Compte tenu de la volonté d’accélérer le déploiement sans pour autant réévaluer le montant des crédits par rapport à 2019, le soutien de l’État à la création de nouvelles Micro-Folies devrait se réduire. Des sommes comprises entre 5 000 et 10 000 euros sont évoquées, soit un montant inférieur aux besoins nécessaires pour le lancement de départ du projet.

Une nouvelle fois, l’essentiel du financement de cette priorité gouvernementale devrait donc reposer sur les collectivités territoriales, au motif que ce projet ne consiste pas en l’implantation de grandes institutions nationales dans les territoires. Certes, la mobilisation de plusieurs dotations (dotation politique de la ville, dotation d’équipements aux territoires ruraux, dotation de soutien à l’investissement local, crédits « Action cœur de ville ») devrait être facilitée. Mais ce sont bien les communes qui devront ensuite prendre à leur charge les coûts de fonctionnement des structures et les coûts de maintenance des équipements numériques, faute de quoi le dispositif pourrait rapidement se transformer en coquille vide.

État de déploiement des Micro-Folies (septembre 2019)

Le nom de la ville d’implantation est mentionné pour les Micro-Folies déjà ouvertes.

Source : Ministère de la culture

Votre rapporteure pour avis estime par ailleurs que le projet des Micro-Folies n’a de sens que s’il comprend une offre de médiation appropriée et si des artistes sont régulièrement invités à s’y produire ou à présenter leur travail. Il est vrai que le numérique a pris une place croissante dans nos vies quotidiennes, mais il serait regrettable que l’accès à la culture se résume à cette dimension. Le ministère de la culture reconnaît d’ailleurs que les Micro-Folies sont majoritairement implantées dans des médiathèques pour profiter de la présence de médiateurs déjà formés au sein de ces établissements. La conclusion de partenariats avec les établissements scolaires se révèle également indispensable pour inciter les enseignants à accompagner les élèves dans les Micro-folies.

Votre rapporteure pour avis considère que la découverte des œuvres dans les Micro-Folies doit, au mieux, constituer une première étape destinée à faire tomber les barrières culturelles, économiques, psychologiques et sociales qui freinent aujourd’hui l’accès aux institutions culturelles. C’est pourquoi il est essentiel que des dispositifs soient prévus en complément pour faciliter l’accès physique, dans un second temps, de ces populations aux autres institutions culturelles.
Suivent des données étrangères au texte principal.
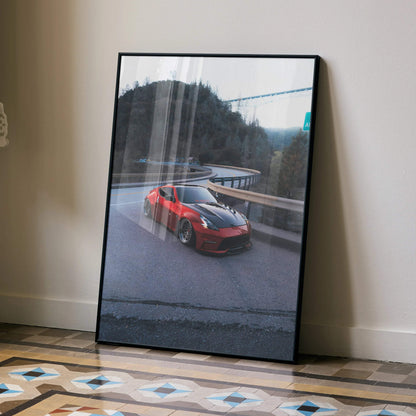 Red Nissan 370z driving on winding road poster, framed wall art with scenic mountain background.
Sinon, le dispositif des Micro-Folies ne permettra pas d’atteindre l’objectif de renforcer l’équité territoriale en améliorant la répartition de l’offre culturelle sur le territoire national puisqu’elle aura pour effet d’éloigner encore davantage les publics de l’offre existante.
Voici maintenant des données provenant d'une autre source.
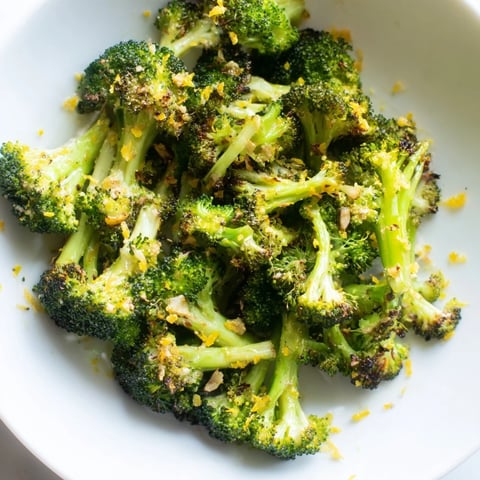 Tender Lemon Garlic Roasted Broccoli glistens on a baking sheet, ready to be served.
Faute de ressources suffisantes, votre rapporteure pour avis craint que le dispositif des Micro-Folies soit davantage adapté aux espaces urbains situés dans l’orbite d’une métropole qu’aux communes rurales, dont les besoins en matière de démocratisation culturelle se font pourtant particulièrement sentir. Les coûts de fonctionnement du dispositif pourraient se révéler particulièrement importants pour ces dernières au regard de leurs moyens financiers et l’on voit mal comment elles pourraient financer en supplément les coûts de transport nécessaires, compte tenu de leur fréquent éloignement géographique des grands équipements culturels, pour prolonger l’expérience de visite des publics des Micro-Folies. Dans ce contexte, votre rapporteure pour avis regrette particulièrement la baisse de 5 millions d’euros des crédits destinés à corriger les déséquilibres territoriaux et sociaux dans l’accès à la culture dans le présent projet de loi, à 31,34 millions d’euros (- 13,4 %), estimant que cette contraction des crédits est incohérente avec l’ambition affichée de favoriser l’égal accès de tous aux arts et à la culture.